### Exercise aim
A word-for-word transcript of the closing lines is required: from the one with "young girl washing hands in sink" through the final line of the data.

### Given records
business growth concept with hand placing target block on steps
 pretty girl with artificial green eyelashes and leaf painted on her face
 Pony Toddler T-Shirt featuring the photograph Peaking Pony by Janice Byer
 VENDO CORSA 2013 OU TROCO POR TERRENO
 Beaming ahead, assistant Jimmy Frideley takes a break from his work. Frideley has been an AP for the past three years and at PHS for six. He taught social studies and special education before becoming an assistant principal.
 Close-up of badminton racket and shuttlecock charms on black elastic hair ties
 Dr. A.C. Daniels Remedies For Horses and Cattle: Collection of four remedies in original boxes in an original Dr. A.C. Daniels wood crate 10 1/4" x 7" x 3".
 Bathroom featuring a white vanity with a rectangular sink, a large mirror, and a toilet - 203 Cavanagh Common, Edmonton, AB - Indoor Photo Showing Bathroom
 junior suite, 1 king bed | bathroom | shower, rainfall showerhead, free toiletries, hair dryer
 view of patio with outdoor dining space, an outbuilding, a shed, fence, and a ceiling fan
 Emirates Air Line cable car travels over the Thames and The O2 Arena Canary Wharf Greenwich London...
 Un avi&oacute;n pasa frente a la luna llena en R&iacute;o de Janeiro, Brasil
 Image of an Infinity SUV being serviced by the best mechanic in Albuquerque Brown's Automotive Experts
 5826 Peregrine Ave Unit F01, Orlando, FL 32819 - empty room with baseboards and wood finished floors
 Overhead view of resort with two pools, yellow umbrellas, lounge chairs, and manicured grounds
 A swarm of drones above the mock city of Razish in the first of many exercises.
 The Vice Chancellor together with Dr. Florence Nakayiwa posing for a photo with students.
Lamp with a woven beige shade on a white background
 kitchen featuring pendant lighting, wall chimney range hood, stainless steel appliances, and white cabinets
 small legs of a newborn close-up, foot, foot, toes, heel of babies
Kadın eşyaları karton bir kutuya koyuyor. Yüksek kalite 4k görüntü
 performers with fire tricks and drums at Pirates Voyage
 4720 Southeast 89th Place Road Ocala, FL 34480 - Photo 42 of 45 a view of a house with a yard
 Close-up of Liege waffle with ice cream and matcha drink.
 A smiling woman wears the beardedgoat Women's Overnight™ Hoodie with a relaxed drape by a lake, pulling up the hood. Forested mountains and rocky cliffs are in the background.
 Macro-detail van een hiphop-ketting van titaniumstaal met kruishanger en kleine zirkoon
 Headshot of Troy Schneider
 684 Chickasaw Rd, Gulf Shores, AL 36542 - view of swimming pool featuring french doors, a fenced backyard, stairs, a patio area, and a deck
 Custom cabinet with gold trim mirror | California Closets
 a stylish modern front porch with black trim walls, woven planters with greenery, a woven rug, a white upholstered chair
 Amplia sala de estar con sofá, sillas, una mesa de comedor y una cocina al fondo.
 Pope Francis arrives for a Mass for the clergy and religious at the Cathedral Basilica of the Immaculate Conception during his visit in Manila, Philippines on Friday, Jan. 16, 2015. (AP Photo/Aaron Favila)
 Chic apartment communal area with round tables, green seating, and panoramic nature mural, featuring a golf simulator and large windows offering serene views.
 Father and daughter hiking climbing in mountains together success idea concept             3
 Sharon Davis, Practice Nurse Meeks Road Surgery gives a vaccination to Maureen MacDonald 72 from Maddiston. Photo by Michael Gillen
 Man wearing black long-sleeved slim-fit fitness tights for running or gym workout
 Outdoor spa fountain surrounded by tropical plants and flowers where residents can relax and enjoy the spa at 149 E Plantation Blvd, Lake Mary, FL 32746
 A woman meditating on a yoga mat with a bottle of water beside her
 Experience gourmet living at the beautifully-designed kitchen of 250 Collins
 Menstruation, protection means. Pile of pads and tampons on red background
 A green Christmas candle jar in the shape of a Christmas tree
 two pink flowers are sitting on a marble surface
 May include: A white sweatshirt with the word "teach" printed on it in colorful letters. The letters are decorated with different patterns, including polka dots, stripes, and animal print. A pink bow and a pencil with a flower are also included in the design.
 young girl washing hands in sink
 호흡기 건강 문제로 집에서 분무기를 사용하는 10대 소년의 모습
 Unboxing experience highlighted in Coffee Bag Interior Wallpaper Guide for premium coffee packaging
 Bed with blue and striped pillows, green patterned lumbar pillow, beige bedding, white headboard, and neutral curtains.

### Output of the exercise
 young girl washing hands in sink
 호흡기 건강 문제로 집에서 분무기를 사용하는 10대 소년의 모습
 Unboxing experience highlighted in Coffee Bag Interior Wallpaper Guide for premium coffee packaging
 Bed with blue and striped pillows, green patterned lumbar pillow, beige bedding, white headboard, and neutral curtains.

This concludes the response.